My hope is to challenge contemporary notions of resilience; that one must ‘overcome’ in a big or dramatic way. By reaching out to people on the fringes of society and bringing to light their narratives, I hope to create a work that speaks to the whole rather than the few.
Written and performed by Mararo Wangai, joined on stage by live musician Mahamudo Selimane, Black Brass is a two-hander that takes place over the course of one night in a music studio. Whilst cleaning the studio, ‘Sleeper’ finds his past rekindled by ‘Trumpet’s’ recording session. This stranger who only speaks through music – half griot, half oracle – interrupts his evening. The exchange that follows unlocks a window that sets both on a journey between a fictionalized African country, and present-day Australia. Through flashback narrative, and music, moments of darkness are tempered by traversing voice, joyful songs and silence as they hurtle towards the pivotal decision that must be made come sunrise.

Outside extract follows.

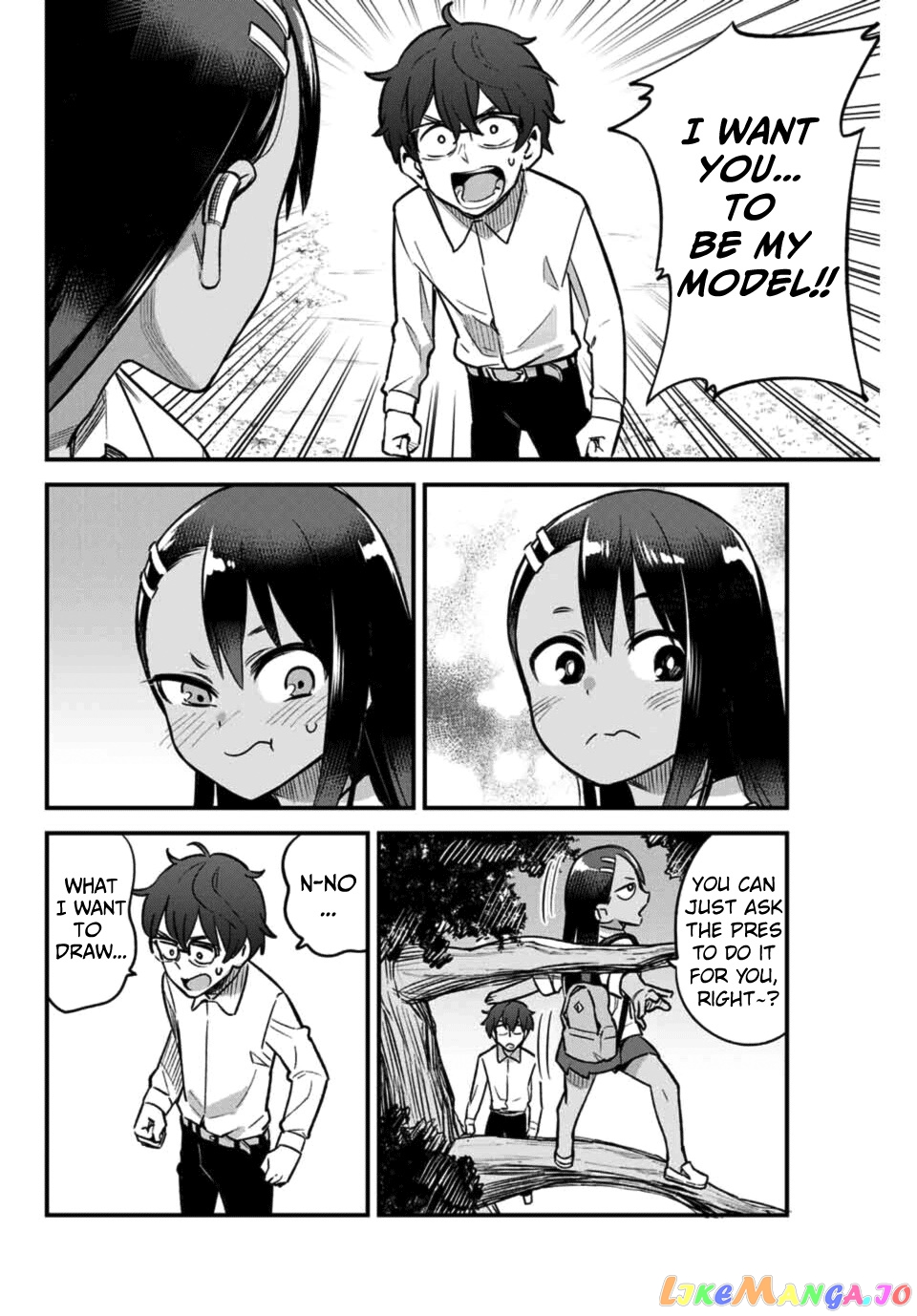 Please Don’t Bully Me, Nagatoro chapter 41 - page 12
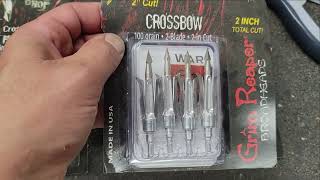 Best CROSSBOW Broadheads  #archery #crossbowshot #hunting #countrylife #deerhunting #mathews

In the wake of Black Lives Matter, and the public discussion around representation – around opportunity and freedom, Black Brass gives voice to the marginalized. Offering an intimate and nuanced window into the lives of many groups within and beyond Perth who must tap into huge reserves of resilience every day to stay afloat and to keep moving forward. We do not hear much about these voices, about the energy required to get through each day. They only seem to be given space after extreme incidents occur – white supremacist rallies, police brutality, election propaganda, etc. In highlighting one journey, Black Brass celebrates those that continue to walk this fine line between a present that struggles to accept and a past that refuses to let go. And in doing so, makes space for voices whose stories are equal parts vulnerable, resilient and worthy.